Defendant lastly contends he was deprived of his constitutional right to a jury trial because he did not knowingly and voluntarily waive that right.
A defendant knowingly and voluntarily waives his right to a jury trial where he signs a jury waiver in open court, the trial court asks him whether he understands he is giving up his right to have 12 men and women decide his guilt or innocence and he indicates that he understands and still wishes to waive that right. (See People v. Guest (1986), 115 Ill. 2d 72, 90, 503 N.E.2d 255, cert, denied (1987), _ U.S. _, 97 L. Ed. 2d 746, 107 S. Ct. 3241.) Immediately after defendant and his codefendant, Robles, executed jury trial waiver forms in open court and defense counsel tendered them to the trial court, the following occurred:
“THE COURT: Would you please convey this information to the two defendants?
Please tell them everyone charged with a crime is entitled to a jury. Tell them a jury is made up of 12 people and those people listen to other people who testify under oath during the trial, and the jury will decide whether or not they did something wrong, not the judge.
Now, I have before me two documents *** entitled jury waiver. Does that have their signatures on these two documents?
* * *
[THE INTERPRETER]: Yes.
THE COURT: Do they understand what has happened when they signed these two documents?
[THE INTERPRETER]: Yes, we understand there will be no jury trial.
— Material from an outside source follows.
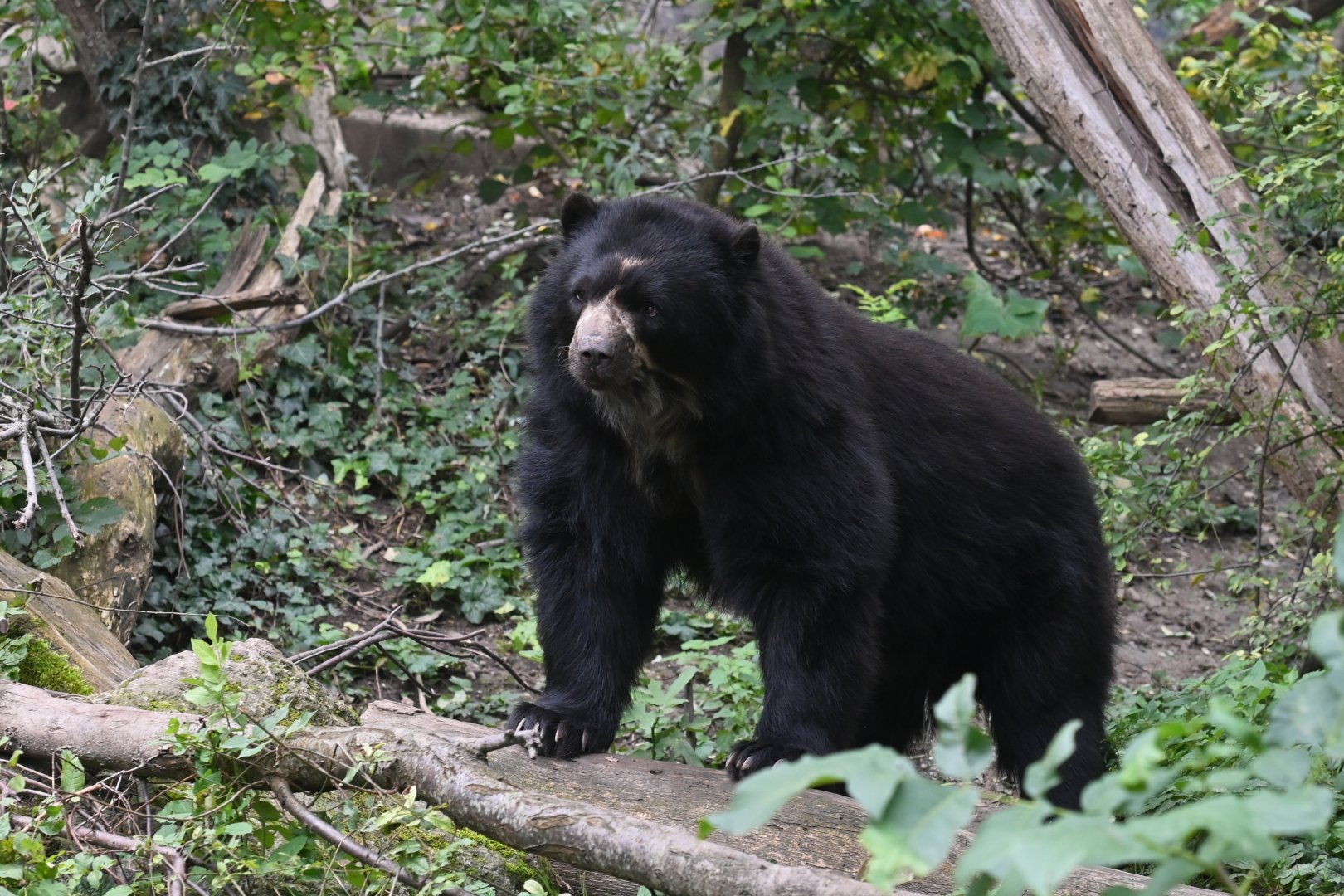 Spectacled bear (Tremarctos ornatus)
We want to be judged by the bench.
THE COURT: They both understand that?
*1083[THE INTERPRETER]: Yes, your honor.
THE COURT: Do they want to ask any questions?
[THE INTERPRETER]: We want the trial to start.”
The record thus clearly reveals the trial court zealously ensured that defendant knowingly and voluntarily waived his right to a jury trial and his contention otherwise is utterly meritless.
For all the foregoing reasons, the judgment of conviction entered by the circuit court of Cook County is affirmed.
WHITE, P.J., and McNAMARA, J., concur.